In 1976, Grimsby resident and Recreation and Park Department employee Lawson Allez found six copper kettles, seven french felling axes, a conch shell, two pendants made from a conch, a human skull, and bone fragments in Grimsby's Centennial Park. He knew that he had found a ritual burial ground. Immediately, he contacted Florence Martin, Curator of the Stone Shop Museum in Grimsby, who then advised him to call the Royal Ontario Museum. The next day a team of archaeologists led by Walter Kenyon arrived on site. The dig was a six month project, and at its completion, 300 remains of the Neutral people were found in 63 graves, along with hundreds of artifacts. The largest grave, Grave 62, contained the remains of 104 people (46 adult males, 32 adult women, and 26 children), as well as numerous items According to Kenyon, each grave "reveal[ed] something different in the pattern and manner of burial."

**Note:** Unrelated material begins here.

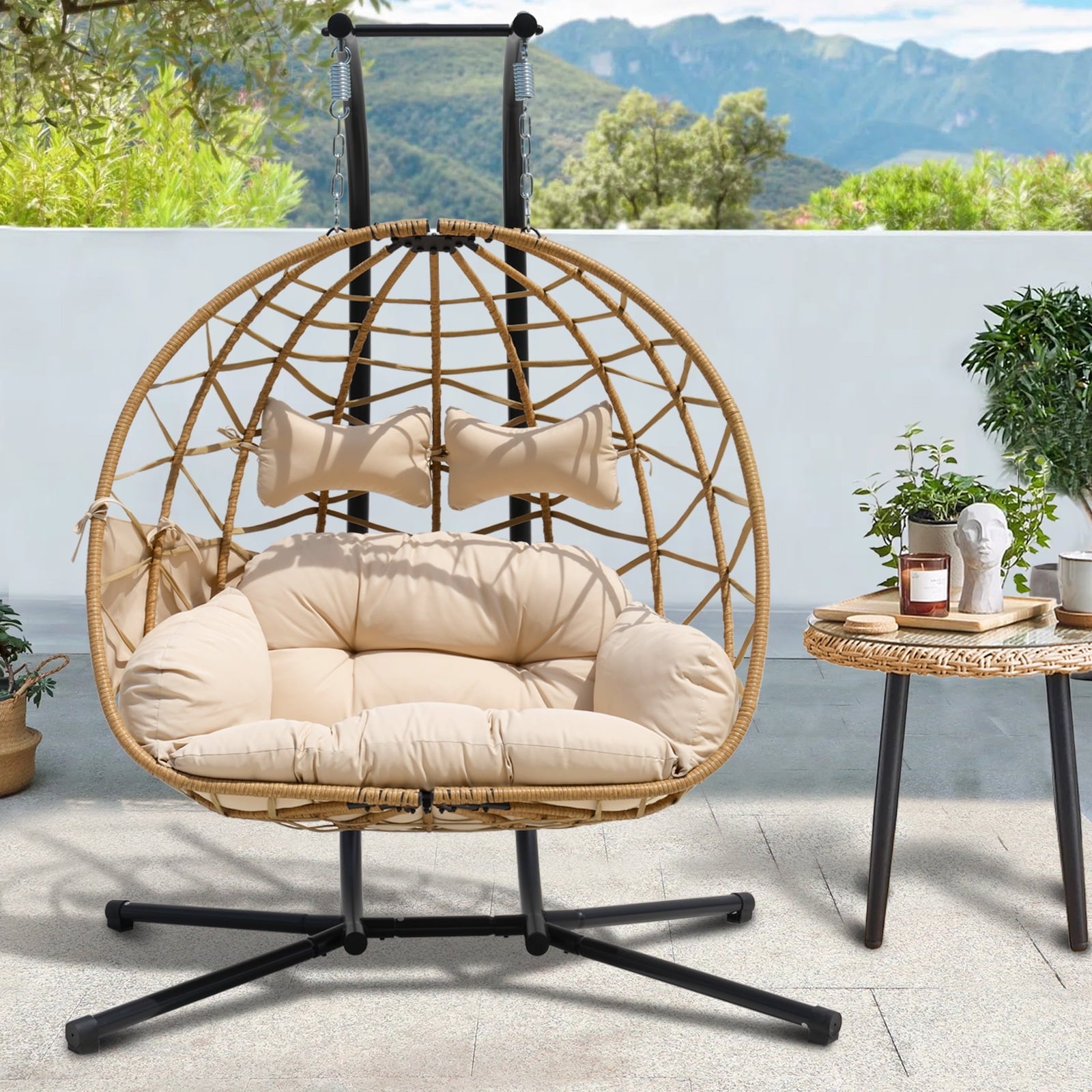 FKSLIFE Double Egg Chair with Stand Hammock Chair Cushion Outdoor Patio Wicker Loveseat Hanging Egg Chairs for 2 Persons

Archaeological findings and mentions in writings from early French Missionaries are the only things known about the Neutral People. They once occupied the land between Lake Ontario and Lake Erie. As an agricultural society, they grew corn, beans, squash and tobacco. During the Iroquois and Huron wars, the Neutral people sold flint arrowheads and spear points to both sides (hence the name Neutral). Experts in the field speculated that once the Iroquois beat the Hurons, they turned on the Neutrals, defeating them and assimilating those left into their nation.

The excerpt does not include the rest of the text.